══ INFORMATION SHOWN ══

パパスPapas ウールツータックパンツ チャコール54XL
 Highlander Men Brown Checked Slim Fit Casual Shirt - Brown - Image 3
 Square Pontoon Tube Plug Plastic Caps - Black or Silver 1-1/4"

═══

== WHAT TO DO ==
Only the lines from the one with "Highlander Men Brown" through the last line above should be restated, word for word.

== EXERCISE ANSWER ==
 Highlander Men Brown Checked Slim Fit Casual Shirt - Brown - Image 3
 Square Pontoon Tube Plug Plastic Caps - Black or Silver 1-1/4"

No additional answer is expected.